Bennetti explained that many of the volunteers started working on getting the meat ready Friday night and don’t stop until the food runs out and the place is cleaned up.

“The first group in here was the bean group,” Bennetti said. “They made 24 trays of beans. Last year they sold out, so they made a bit more this year.”

Patrons purchased tickets for $10 a piece that allowed them either a plate of pork, beef or chicken ribs that came with sides of Brunswick stew, baked beans, bread, chips and tea or separate 1-pound containers of the meat.

One of the most popular items that sold out by 11:30 was the 1/3-rack of barbecued ribs going for $8. By noon, the beef was gone and before 1 p.m. the stew stacks were empty.

Barcik said that traditionally, 90% of their sales are pork, so they’ve gotten into the habit of cooking less beef.
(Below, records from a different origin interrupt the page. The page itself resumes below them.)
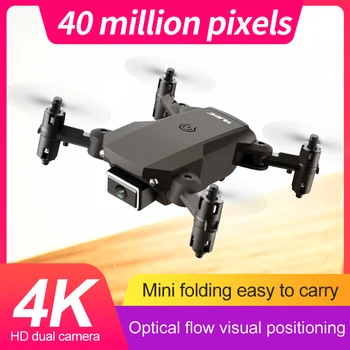 2020 S66 Mini Brnenje S 4K HD Kamera, WiFi FPC Zložljive Brnenje Zračne Fotografije Quadcopter, Helikopter Igrača
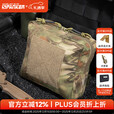 出众者（Spanker）战术杂物袋molle副包背心扩展包腰包工具附件包户外收纳包 绿蟒纹MAD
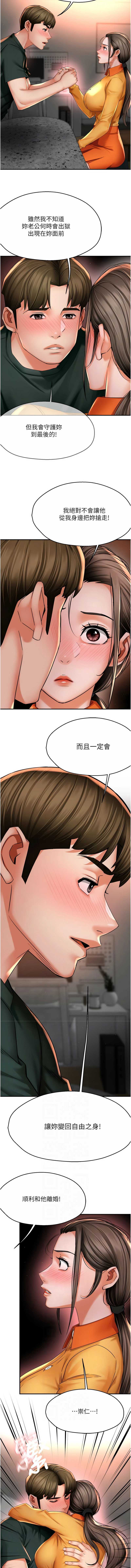 痒乐多阿姨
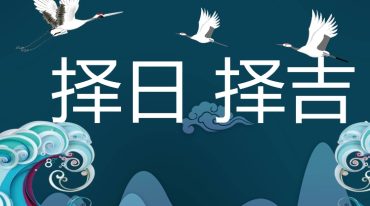 吴坤民间天心正运择日风水录音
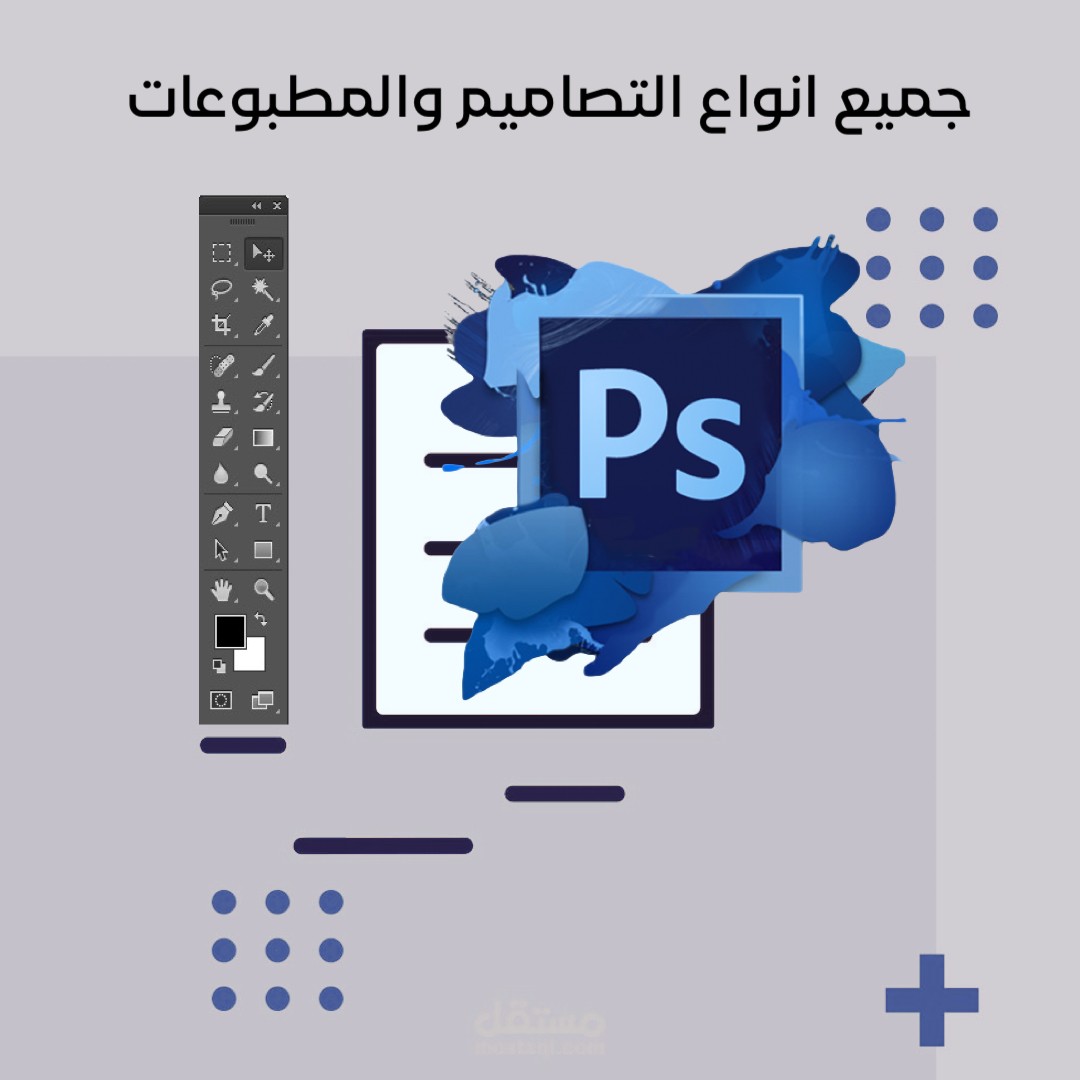 تصاميم الجرافيك والمطبوعات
Something else that will probably become an annual tradition during the fundraiser is a blood drive by Blood Assurance. For the first time, Blood Assurance was invited to park its “Vein Voyager” mobile donation facility outside the Civic Center during the barbecue. Those who donated received a free T-shirt and were entered into a drawing for a $200 Target gift card.

Inside the Voyager, young couple Joel Almaraz and Anna Cambron were situated on donor beds across the narrow hallway from each other. They’d already worked through the night to help out with the St. Mary’s fundraiser and this was something else they felt compelled to do.

“I’ve been a member of Knights of Columbus for six years, ever since I was 18,” Almaraz said as his older sister, Montserrat Almaraz, sported ice packs on her neck and legs upon becoming lightheaded after her donation. “My father is in Knights of Columbus, as well. We all simply just want to make a difference in several ways. It gives us a lot of personal satisfaction.”